I setup a buildserver and apt repository a while ago.

I'm using it mainly to host packages of my forks to make it easier to keep them deployed across hosts. If you'd like I can maintain and host packages of your irssi fork?

Richo

Multiple keyboard (bindingmap) support

Currently, although commands exist to create/destroy keyboards, only a single one is ever created and used (in gui-readline.c:init())

By moving the actual keybindings state into the KEYBOARD_REC object, it should be possible to design an API in which
there are multiple defined keyboards, each with their own set of bindings. A perl API can then create/destroy and switch between
active keybinding maps.

Rationale: Various scripts could benefit from being able to bind keys in a modal fashion, without having to resort to capturing and reparsing gui key pressed each time. Allowing a script to create a new keyboard which has hte desired bindings/functions and
a 'default keyboard' binding to activate it will eliminate most of these issues.

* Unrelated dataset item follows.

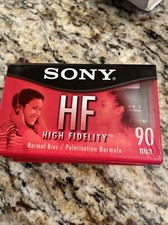 NEW Sony HF 90 Minute Blank Audio Cassette Tapes High Fidelity C-90HFL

Perl API access for statusbar(items)

Statusbars are currently fairly minimally supported by the scripting API.

Proposed features:

Package Irssi::

  • statusbars_get() - return a list of Irssi::TextUI::Statusbar Objects
  • statusbar_find($name) - return a specific Statusbar object
  • statusbar_create($name, @params) - create a new statusbar with specified paramaters.
  • statusbar_remove($name) - remove/delete the named bar.

Package Irssi::TextUI::Statusbar:: methods (implicit $statusbar->func() )

  • get_items() - return a list of I::T::StatusbarItems for a given bar
  • get_item($name) return a specific item
  • remove_item($name)
  • add_item($name, @params) - add an item to an sbar
  • reset() - behaves as equiv. /sbar reset does.
  • accessors (getter/setters) for various sbar parameters (Position, Placement, Type, Visible, ...)

Support for actually using the %IRSSI script hash.

print some standard format on script load?
add a { requires => [qw/a b c/] } section which checks if dependencies are loaded and tries to load them otherwise?

Maybe shouldn't be part of Irssi core, but integrated into scriptassist (the only thing that currently uses %IRSSI.

add new variable type `$?`

Add a new type of variable expansion, of the form $?name.

It should work similarly to $@ or $#, but should expand to:

nothing (empty string) if $name contains only whitespace,
the value of $name, if $name actually has content.

Can be used to replace $cumode/cumode_space, and
allow optional `msgnick = "$0 $1-" user mode in messages.

expose window buffer API

make it easier than having to go through the ->view->textbuffercache... linked list, if possible.